Artificial intelligence, affective well-being and workplace happiness in Iberoamerican companies

Diego Vallarino

Purpose

This study examines how artificial intelligence (AI) influences employee emotional well-being by analysing the behavioural mechanisms linking autonomy, fairness, clarity, psychological safety and workplace happiness, with a specific focus on Iberoamerican organisational contexts.

Design/methodology/approach

A synthetic dataset (n = 650), calibrated to validated psychometric scales and qualitatively informed by exploratory interviews with organisational leaders and AI practitioners, is analysed using covariance-based structural equation modelling. The model evaluates how perceived AI support and AI pressure shape key organisational conditions and, through them, workplace happiness. All analyses are conducted in R using the lavaan package.

Findings

Perceived AI support positively influences autonomy, fairness and clarity, which jointly strengthen psychological safety. Psychological safety emerges as the strongest predictor of workplace happiness, while AI-related algorithmic pressure shows a significant negative association with employee well-being. The results indicate that managerial choices in the design and governance of AI systems directly shape emotional climates, engagement and the sustainability of digital transformation processes.

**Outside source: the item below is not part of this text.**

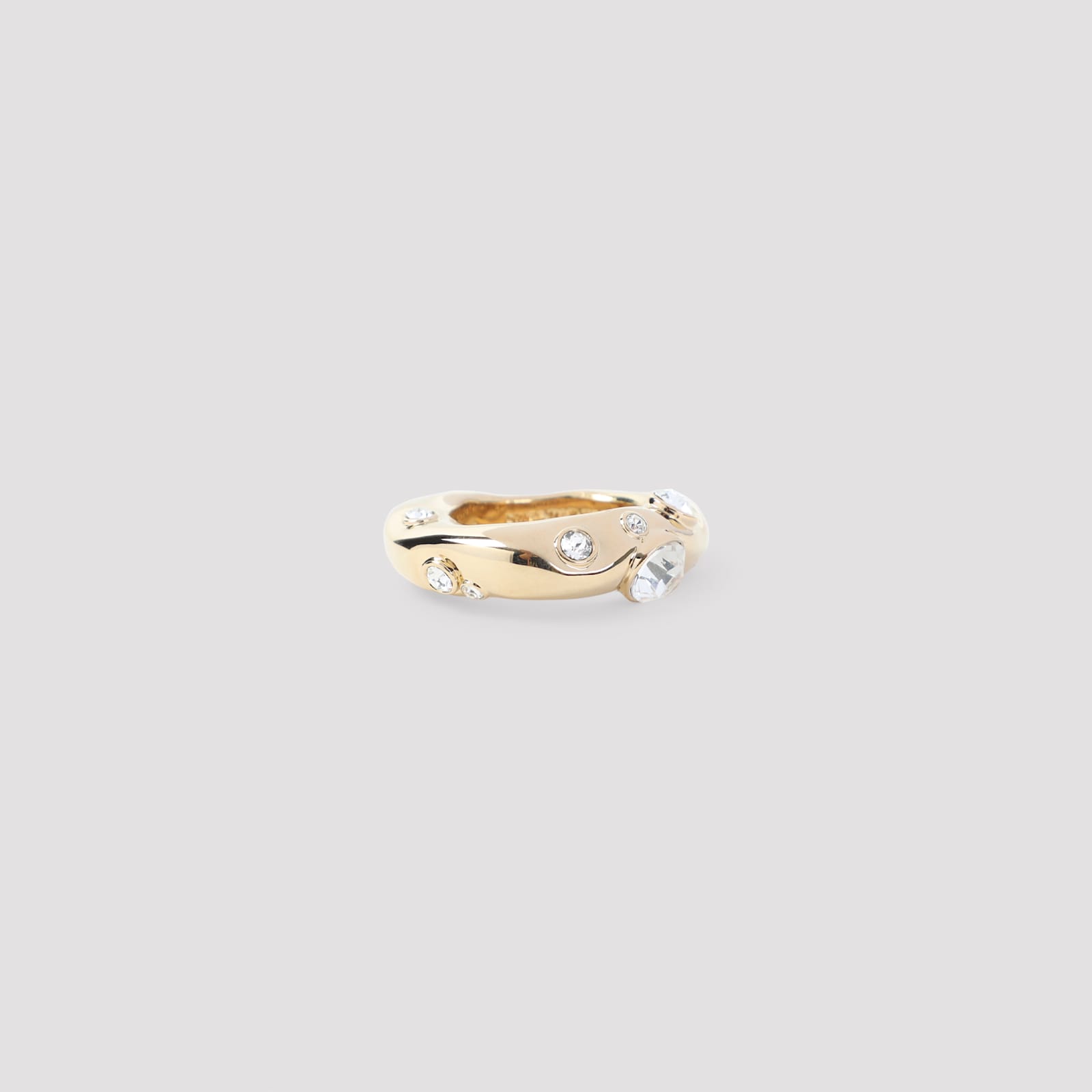 Dries Van Noten Crystal-embellished Ring In Gold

Research limitations/implications

The study relies on synthetic – but realistically calibrated – data, which may limit external generalisability. However, grounding the generative process in validated psychometrics and executive insights enhances contextual realism. Future research should incorporate longitudinal field data and cross-country comparisons. Conceptually, the paper advances happiness management by integrating behavioural constructs and AI governance, offering a scalable framework for studying well-being in digital workplaces.

Practical implications

The results provide actionable guidance for leaders implementing AI in human-centric organisations. Managers should prioritise autonomy, clarity of processes, psychological safety and fairness when deploying AI tools. The findings inform the design of governance structures, communication strategies and training programmes that mitigate emotional risks. The framework also helps firms identify conditions under which AI supports sustainable happiness, talent retention and positive emotional climates.

Social implications

The study contributes to the broader debate on ethical AI and decent work in Iberoamerica. It shows how AI adoption can either enhance or erode human well-being depending on governance quality. The results support policies aligned with the sustainable development goals (SDGs) – particularly SDG 3, SDG 8, and SDG 9 – by offering evidence-based insights into the emotional and social sustainability of AI-enabled workplaces.

Originality/value

The study introduces the concept of affective friction to explain employees’ emotional responses to AI-enabled systems. By integrating human-centred AI design, psychological safety and happiness management within a unified behavioural–economic framework, the paper offers a culturally grounded contribution to organisational research in Iberoamerican contexts.